Il parlamentare d’oggi potrebbe dire a lei, onorevole di ieri: «Caro Urso, ma un tempo avevate una quantità di risorse finanziarie che permettevano di accontentare tutti».

«Sì, se mancano le risorse finanziarie la buona volontà viene incrinata. Ma non credo ci sia una deficienza assoluta di mezzi: penso alle tante risorse europee. In realtà manca altro, una certa premura meridionalista. Né il problema del Frecciarossa - per tornare al tema di questo periodo - si può risolvere elargendo un contributo pubblico per mettere l’azienda al riparo da vere o supposte perdite. Trenitalia è lì per dare conforto a un’utenza e soddisfare le esigenze di zone fortemente svantaggiate, altrimenti il senso dello Stato dove è? Ora portare quel treno a Lecce è una mollica sul desco vuoto del Sud: ma se non si può ottenere questo, immaginiamo cosa può succedere su questioni più grandi. E se il territorio dovesse vincere la battaglia, non vorrei si entrasse nell’ottica del “siamo già intervenuti per voi”...».

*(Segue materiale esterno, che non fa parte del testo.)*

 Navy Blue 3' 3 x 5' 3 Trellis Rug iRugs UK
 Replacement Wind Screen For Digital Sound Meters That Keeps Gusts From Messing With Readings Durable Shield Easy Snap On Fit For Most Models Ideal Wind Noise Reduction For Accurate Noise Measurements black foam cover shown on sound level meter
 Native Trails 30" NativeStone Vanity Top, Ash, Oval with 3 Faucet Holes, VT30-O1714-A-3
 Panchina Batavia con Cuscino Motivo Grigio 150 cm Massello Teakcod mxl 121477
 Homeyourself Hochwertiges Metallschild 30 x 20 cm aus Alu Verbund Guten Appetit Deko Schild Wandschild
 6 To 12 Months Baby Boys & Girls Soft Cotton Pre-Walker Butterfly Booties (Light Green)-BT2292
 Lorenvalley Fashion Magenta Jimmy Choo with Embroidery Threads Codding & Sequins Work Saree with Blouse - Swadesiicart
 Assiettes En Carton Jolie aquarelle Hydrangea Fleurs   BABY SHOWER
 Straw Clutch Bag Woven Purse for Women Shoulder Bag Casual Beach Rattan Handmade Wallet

Oggi lei come agirebbe su un dossier come quello del Frecciarossa? Applicherebbe metodi e approcci del passato?

«Innanzitutto agirebbe un collettivo di deputati e senatori per parlamentarizzare il problema e richiamare l’attenzone del governo. Magari facendo risorgere, finalmente, l’idea di Grande Salento: è un punto chiave. Il primo, vero salasso c’è stato con la cancellazione della Circoscrizione elettorale Brindisi-Lecce-Taranto: sprigionava una “gara” e una mutualità che tutelava tutto il territorio, e ci scambiavamo anche di ruoli. Penso poi alle parole del manager di Trenitalia, Elia: ai tempi della Cassa del Mezzogiorno, Menichella o Vanoni non credo avrebbero mai parlato di “intervento antieconomico”, diversamente non avremmo avuto le grandi aspirazioni e i risultati concreto raggiunti. Il problema è che prima i dirigenti pubblici rispondevano allo Stato e alla politica, ora pendono dalle labbra di chi li ha nominati. E per questo le assicuro che se Renzi dicesse che il Frecciarossa deve arrivare a Lecce, quel treno arriverebbe. Ma questa non è più politica».